Interestingly though, I take the stance that Rust is much closer to C than C++.
> The RTSJ addressed the critical issues by mandating a minimum specification for the threading model (and allowing other models to be plugged into the VM) and by providing for areas of memory that are not subject to garbage collection, along with threads that are not preemptable by the garbage collector. These areas are instead managed using region-based memory management. The latest specification, 2.0, supports direct device access and deterministic garbage collection as well.
oh it was a real TIL. I first thought: "GCed and real time? not that I know of..." and _then_ I found that spec and deterministic GC and that's the big TIL I shared. sorry if I came across snarky myself.
Honestly, on safety critical systems you should never have used C to begin with. Formal validation is critical, so I'd argue that you should have used Ada SPARK instead of the burning dumpster fire that is MISRA-C or similar.
MISRA-C is barely better than a coding style for which people wrote partial enforcement tools.
Studies suggest some of MISRA's rules if followed reduce significant bugs in software, some others increase bugs and many are neutral because they forbid things nobody who isn't entering an Obfuscated C Contest would think to do even in C.
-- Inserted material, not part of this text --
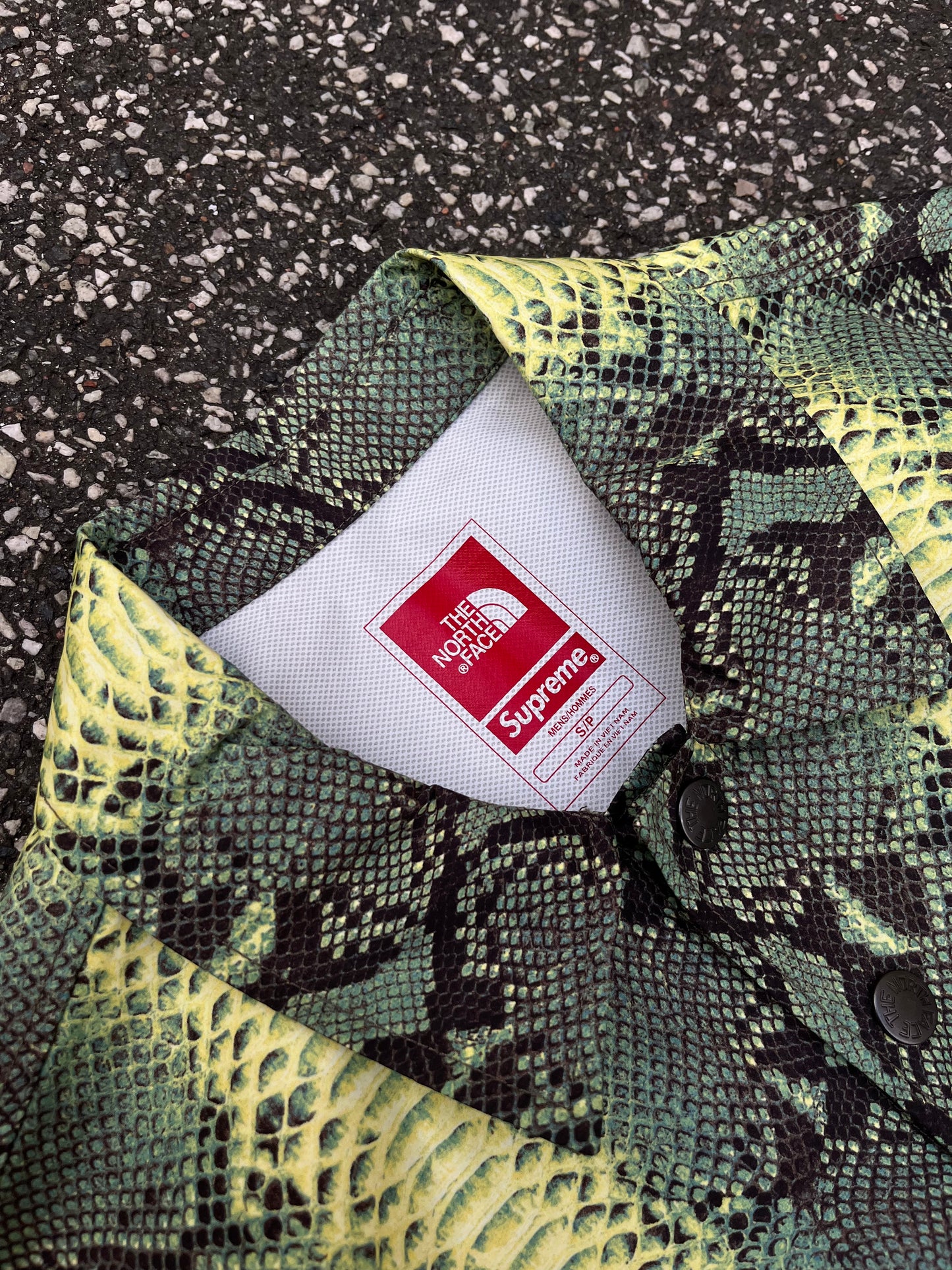 Supreme x The North Face Snakeskin Coaches Jacket – Small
e.g. IIRC MISRA says don't put variable declarations inside parts of a switch and then use the variables in other parts of the switch. Nobody does that, it's very silly.
Or MISRA says you must have a default switch case. So your three-way switch for the headlights enum, OFF/ DIPPED/ FULL fails because it needs a default. What's the default? Well, I guess you can assert it's never hit? But your C compiler has enum checking already, without a default it would have flagged if you forgot SPECIAL_HACK which is in the enum, but thanks to default the C compiler thinks you remembered about that and at runtime in somebody's car the SPECIAL_HACK is enabled and their car's CPU crashes.
The automotive industry wanted to write C. Or at least, the programmers it hired did, and nobody said "No. That is a terrible idea, stop it" instead they came up with MISRA C to continue excusing the inexcusable.
Yes, you can still run out of memory. But you can't get a fragmented heap if you never free(). And if you allocate only at init, not during the normal operation stage, you can't run out of memory if you manage to start up successfully.
No, it's not. The runtime wouldn't even fit on many platforms. GC pauses are similarly not acceptable on soft/real-time systems, etc.
Ada/Rust get closer to a replacement.